(Crawled caption data)
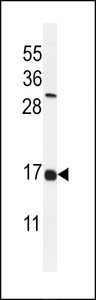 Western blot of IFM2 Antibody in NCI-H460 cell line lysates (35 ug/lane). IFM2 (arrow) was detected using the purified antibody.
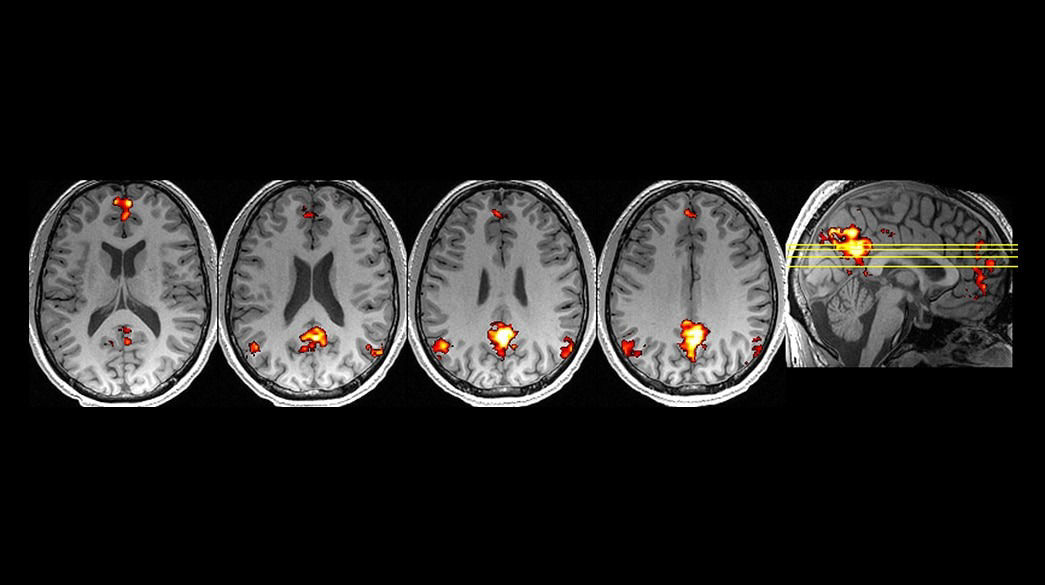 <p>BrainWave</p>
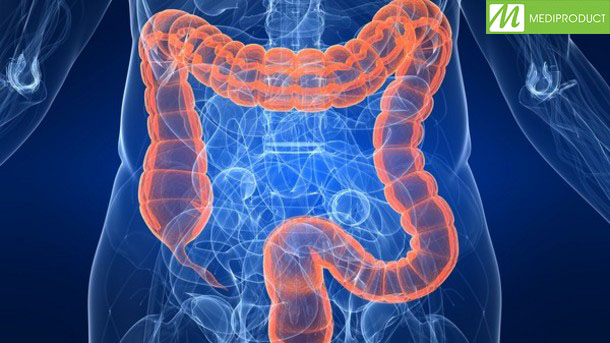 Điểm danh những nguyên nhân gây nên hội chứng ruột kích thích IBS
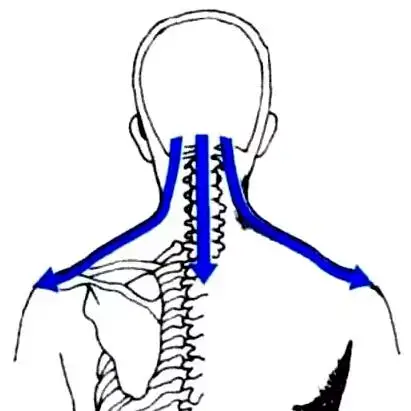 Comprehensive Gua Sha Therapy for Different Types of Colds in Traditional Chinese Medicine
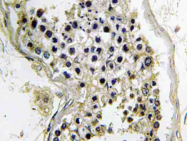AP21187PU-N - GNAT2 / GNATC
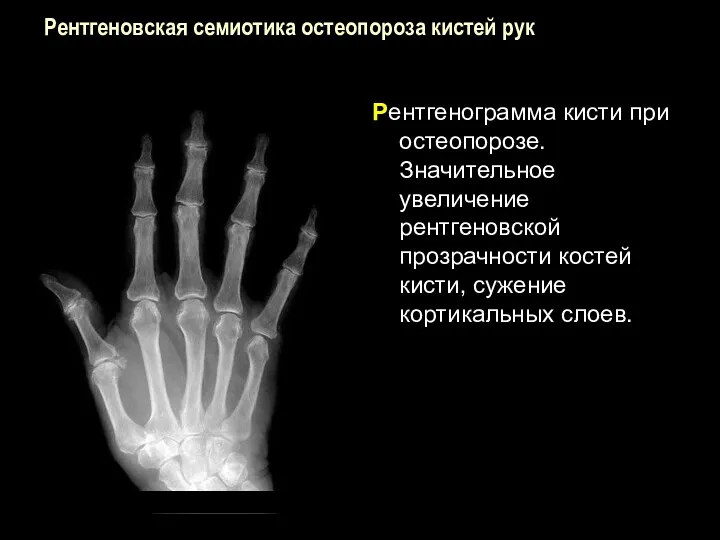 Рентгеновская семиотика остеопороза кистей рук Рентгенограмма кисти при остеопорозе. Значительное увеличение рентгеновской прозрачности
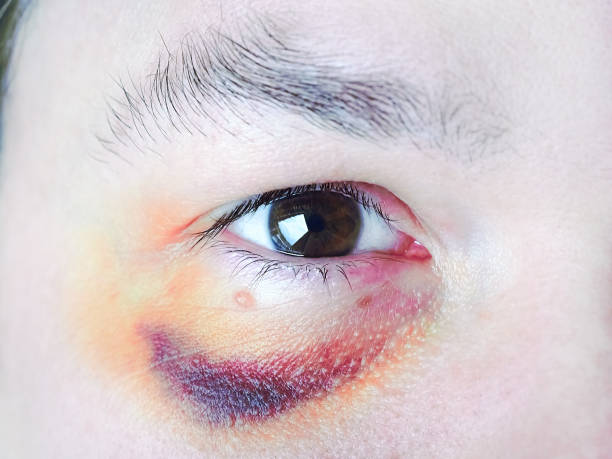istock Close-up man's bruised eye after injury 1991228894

Activity: Please ensure that the data above is repeated exactly, with no pictures in the copy.

Solution to this task:
 Western blot of IFM2 Antibody in NCI-H460 cell line lysates (35 ug/lane). IFM2 (arrow) was detected using the purified antibody.
 <p>BrainWave</p>
 Điểm danh những nguyên nhân gây nên hội chứng ruột kích thích IBS
 Comprehensive Gua Sha Therapy for Different Types of Colds in Traditional Chinese Medicine
AP21187PU-N - GNAT2 / GNATC
 Рентгеновская семиотика остеопороза кистей рук Рентгенограмма кисти при остеопорозе. Значительное увеличение рентгеновской прозрачности
istock Close-up man's bruised eye after injury 1991228894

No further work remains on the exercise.